In the 1990s, the four-time NBA championship ring holder lived out one of his wildest dreams by moonlighting on the microphone and releasing for albums — most notably the platinum-selling 1993 debut “Shaq Diesel.”

O’Neal has revealed that his hip-hop foray came as a result from his first appearance on Arsenio Hall’s late night talk show and led to a lucrative offer to sign a deal with the same music company that featured R. Kelly, A Tribe Called Qwest, Aaliyah and Boogie Down Productions.

“I was coming to the NBA, Arsenio Hall kept calling, ‘Hey, man, I want you to come on.’ But I didn’t want to just go buy a $10,000 suit and sit on the couch and brag and, ‘I’m going to do this, I’m going to do that.’ I wanted to do something different,” the Newark, N.J., native told Genius’ Between the Lines. “So he kept saying, ‘What do you want?’ I said, ‘I want to rap with my favorite rap group.’ At the time my favorite rap group was Fu-Schnickens. So we contact Fu-Schnickens, and they flew down.”

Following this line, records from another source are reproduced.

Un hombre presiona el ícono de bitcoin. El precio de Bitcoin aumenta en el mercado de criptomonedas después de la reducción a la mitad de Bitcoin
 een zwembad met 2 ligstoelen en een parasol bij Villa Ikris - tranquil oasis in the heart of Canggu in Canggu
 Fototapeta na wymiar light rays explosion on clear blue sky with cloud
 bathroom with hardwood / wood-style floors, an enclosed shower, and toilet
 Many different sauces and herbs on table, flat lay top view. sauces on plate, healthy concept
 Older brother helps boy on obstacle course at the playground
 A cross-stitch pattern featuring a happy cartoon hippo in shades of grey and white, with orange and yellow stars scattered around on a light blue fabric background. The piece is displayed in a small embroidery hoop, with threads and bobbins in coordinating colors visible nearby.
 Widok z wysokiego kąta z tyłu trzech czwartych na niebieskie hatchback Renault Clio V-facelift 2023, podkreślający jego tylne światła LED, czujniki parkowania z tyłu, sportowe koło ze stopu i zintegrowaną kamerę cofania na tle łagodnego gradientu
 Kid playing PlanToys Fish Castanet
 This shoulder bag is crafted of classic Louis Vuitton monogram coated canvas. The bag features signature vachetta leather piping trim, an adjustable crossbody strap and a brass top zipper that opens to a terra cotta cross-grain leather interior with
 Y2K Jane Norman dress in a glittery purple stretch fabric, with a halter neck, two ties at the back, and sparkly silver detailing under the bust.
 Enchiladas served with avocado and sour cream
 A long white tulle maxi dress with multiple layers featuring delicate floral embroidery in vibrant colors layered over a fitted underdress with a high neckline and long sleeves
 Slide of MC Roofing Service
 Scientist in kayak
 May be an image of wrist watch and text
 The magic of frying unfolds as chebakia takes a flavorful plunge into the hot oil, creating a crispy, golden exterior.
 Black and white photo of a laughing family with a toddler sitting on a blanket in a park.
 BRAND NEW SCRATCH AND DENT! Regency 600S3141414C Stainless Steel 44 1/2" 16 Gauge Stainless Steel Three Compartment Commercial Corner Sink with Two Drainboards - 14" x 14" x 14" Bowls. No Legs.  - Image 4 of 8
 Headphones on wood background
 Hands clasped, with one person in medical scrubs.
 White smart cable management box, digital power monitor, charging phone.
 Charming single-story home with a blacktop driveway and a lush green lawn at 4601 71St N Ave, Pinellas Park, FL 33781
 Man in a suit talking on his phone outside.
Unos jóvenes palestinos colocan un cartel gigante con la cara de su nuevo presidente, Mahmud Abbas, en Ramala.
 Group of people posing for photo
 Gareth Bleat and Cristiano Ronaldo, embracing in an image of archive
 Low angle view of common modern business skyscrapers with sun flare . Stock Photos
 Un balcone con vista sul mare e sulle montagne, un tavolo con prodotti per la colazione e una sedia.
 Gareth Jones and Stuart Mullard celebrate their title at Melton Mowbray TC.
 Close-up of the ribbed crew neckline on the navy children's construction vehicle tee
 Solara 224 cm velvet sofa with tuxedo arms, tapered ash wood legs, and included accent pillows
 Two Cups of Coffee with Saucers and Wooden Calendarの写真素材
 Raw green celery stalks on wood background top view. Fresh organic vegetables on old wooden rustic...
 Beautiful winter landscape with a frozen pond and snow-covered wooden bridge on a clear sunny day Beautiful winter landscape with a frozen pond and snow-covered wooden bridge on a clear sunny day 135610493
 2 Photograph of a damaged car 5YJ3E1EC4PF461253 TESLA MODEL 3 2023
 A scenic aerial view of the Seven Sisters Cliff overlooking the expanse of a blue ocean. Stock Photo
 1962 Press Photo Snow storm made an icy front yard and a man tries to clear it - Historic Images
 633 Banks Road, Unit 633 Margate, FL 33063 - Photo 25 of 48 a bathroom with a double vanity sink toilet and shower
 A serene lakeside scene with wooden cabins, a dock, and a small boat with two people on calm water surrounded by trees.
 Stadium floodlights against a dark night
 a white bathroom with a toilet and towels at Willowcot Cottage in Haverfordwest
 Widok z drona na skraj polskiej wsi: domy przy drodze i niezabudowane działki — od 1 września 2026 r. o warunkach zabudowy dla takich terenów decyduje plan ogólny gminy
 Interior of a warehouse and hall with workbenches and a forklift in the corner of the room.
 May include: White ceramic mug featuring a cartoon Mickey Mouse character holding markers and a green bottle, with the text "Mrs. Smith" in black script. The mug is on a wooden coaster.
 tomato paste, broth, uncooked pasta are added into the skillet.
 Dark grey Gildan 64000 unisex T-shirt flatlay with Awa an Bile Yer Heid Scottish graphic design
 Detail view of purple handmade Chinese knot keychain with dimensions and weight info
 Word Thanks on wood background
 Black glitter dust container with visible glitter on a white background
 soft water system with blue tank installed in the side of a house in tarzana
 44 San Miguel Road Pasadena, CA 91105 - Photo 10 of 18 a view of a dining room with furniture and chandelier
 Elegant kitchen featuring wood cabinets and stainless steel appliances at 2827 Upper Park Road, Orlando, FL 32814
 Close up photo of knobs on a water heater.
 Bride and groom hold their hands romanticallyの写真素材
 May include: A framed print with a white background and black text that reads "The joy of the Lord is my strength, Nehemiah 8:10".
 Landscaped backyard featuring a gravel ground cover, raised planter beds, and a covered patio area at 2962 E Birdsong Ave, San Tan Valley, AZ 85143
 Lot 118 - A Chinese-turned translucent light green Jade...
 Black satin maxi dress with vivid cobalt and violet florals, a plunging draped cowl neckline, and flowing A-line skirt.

The Brooklyn-based Fu-Schnickens were composed of Chip Fu (Roderick Roachford), Moc Fu (Joe Jones) and Poc Fu (Lennox Maturine). The rapid rhyming rap trio enjoyed top 10 success with their debut single, the reggae-tinged “Ring The Alarm” in 1992 and its follow-up singles “La Schmoove” and “True Fu-Schnick.”

Chip-Fu was the person O’Neal credits with teaching him how to rap by coaching him on his delivery.

“We went up, we performed it,” he recalled. “Then the next day, my agent says, ‘Hey, I don’t know if you want to take this call, but Jive wants to offer you a record deal.’

After initially telling his representation he had no interest in doing a record deal, O’Neal had a quick change of heart after learning the offer of $10 million for three albums.

“I was like, ‘I’ll take it.’ And so that’s how I started doing my albums,” the former Los Angeles Lakers center confessed. “I never wanted to be a rapper, but I did want the opportunity to rap with all my favorite MCs, and just have fun and do the video with them, that’s what it’s all about for me.”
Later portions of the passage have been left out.